Instead THIS side is indicative of who The Clovers really wanted to be.
A polite, mannered, completely anachronistic and irrelevant pop vocal group.
Luckily for them however the audience – and record label – vehemently disagreed and so they were forced to settle for success, fame and lasting influence as a consolation prize.
Wonderful Music?
When meeting with Atlantic Records in early 1951 The Clovers had to thank their lucky stars that a respected and rapidly growing label would be interested in them after their poor showing on their lone Rainbow Records release just a few months earlier.
Those sides were bland pop and painfully out of date. Had they been allowed to continue to pursue this style on record with no outside interference we would not be writing about, listening to, or talking about The Clovers because nobody, including their own descendants probably, would have any idea they ever existed.
But they were fortunate because in the time between that release and their first contact with Ahmet Ertegun, multiple new rock vocal groups appeared on the scene and created waves with their initial releases and Ertegun – to his credit – saw the writing on the wall when it came to what the next big thing in rock might be and he needed a capable singing group and needed one quick.

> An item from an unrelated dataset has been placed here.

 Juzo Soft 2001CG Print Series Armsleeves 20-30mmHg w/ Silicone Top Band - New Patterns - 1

The Clovers were it. Not based on anything specific they’d shown mind you, but simply because of their youth and availability.

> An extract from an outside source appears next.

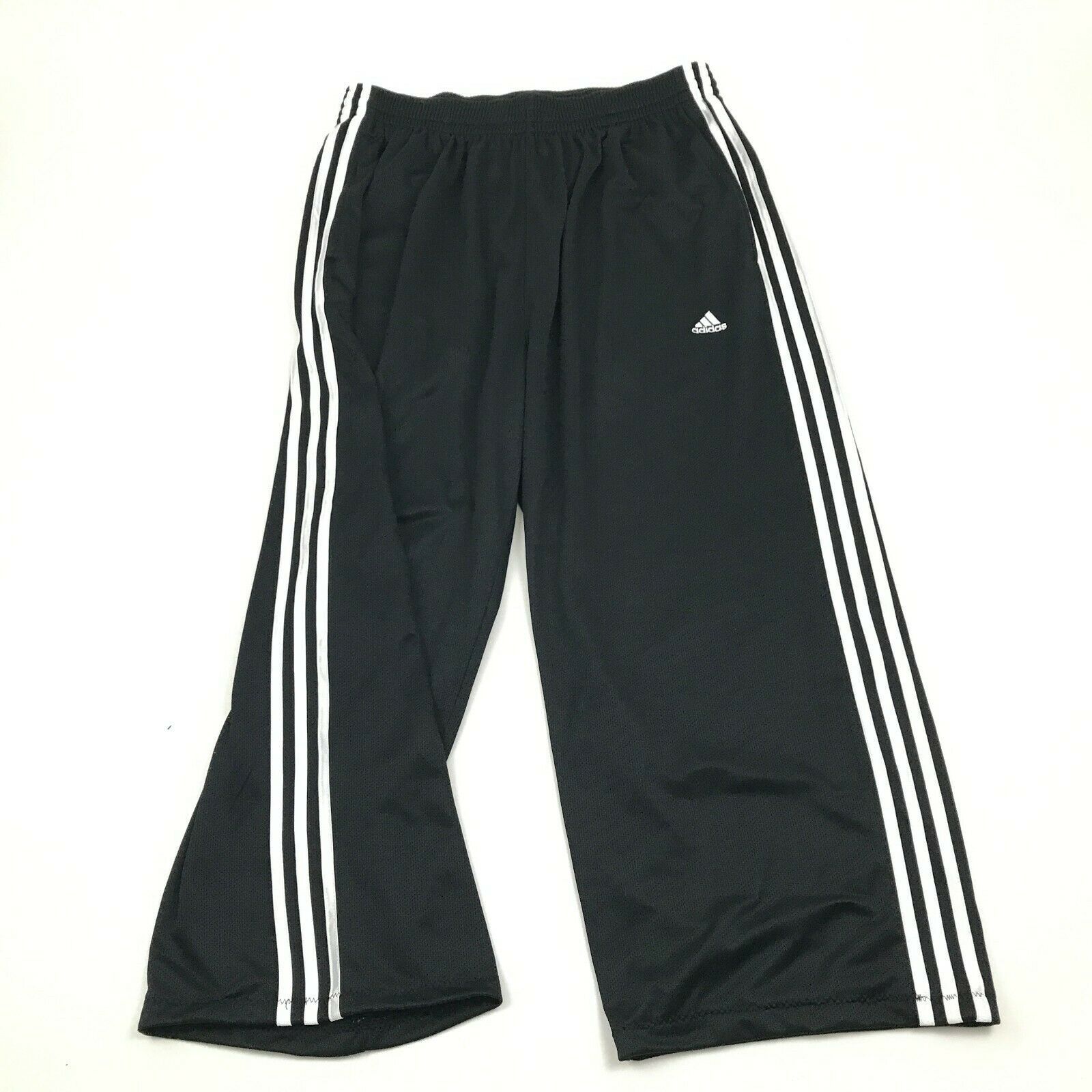 Adidas ClimaLite Track Workout Pants Men's Size XL Black Straight Leg ...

Upon signing with Atlantic he group themselves may have assumed they’d occasionally be required to satisfy the company’s desire to focus on rock ‘n’ roll, but they surely expected – and certainly hoped – that the bulk of their output would be more along the lines of their stage repertoire of standards such as Skylark which the next month made up half of their debut for the label.
Maybe Atlantic was just humoring them with this, throwing them a bone as it were. Or maybe it was a demo session as some have speculated that only got used when the top side came out sounding so good and they wanted to get it on the market as soon as possible. But whatever the excuse for it seeing the light of day their attempt at a classy pop ballad went on to be widely regarded as perhaps the only worthless throwaway in their Atlantic tenure which tells you how misguided it was for them to think this kind of thing would ever be acceptable in the current musical landscape.
Serenading The Moon
Okay, obviously this song has nothing to do with rock ‘n’ roll other than the ensuing career of the group cutting it, so you know going in it won’t be satisfying any of rock’s attributes and thus is patently unfair to be grading it in this context. We’ve become increasingly less lenient on allowing these records by rock acts leaning pop to be included here in recent years and if this were anyone BUT The Clovers it would not be reviewed.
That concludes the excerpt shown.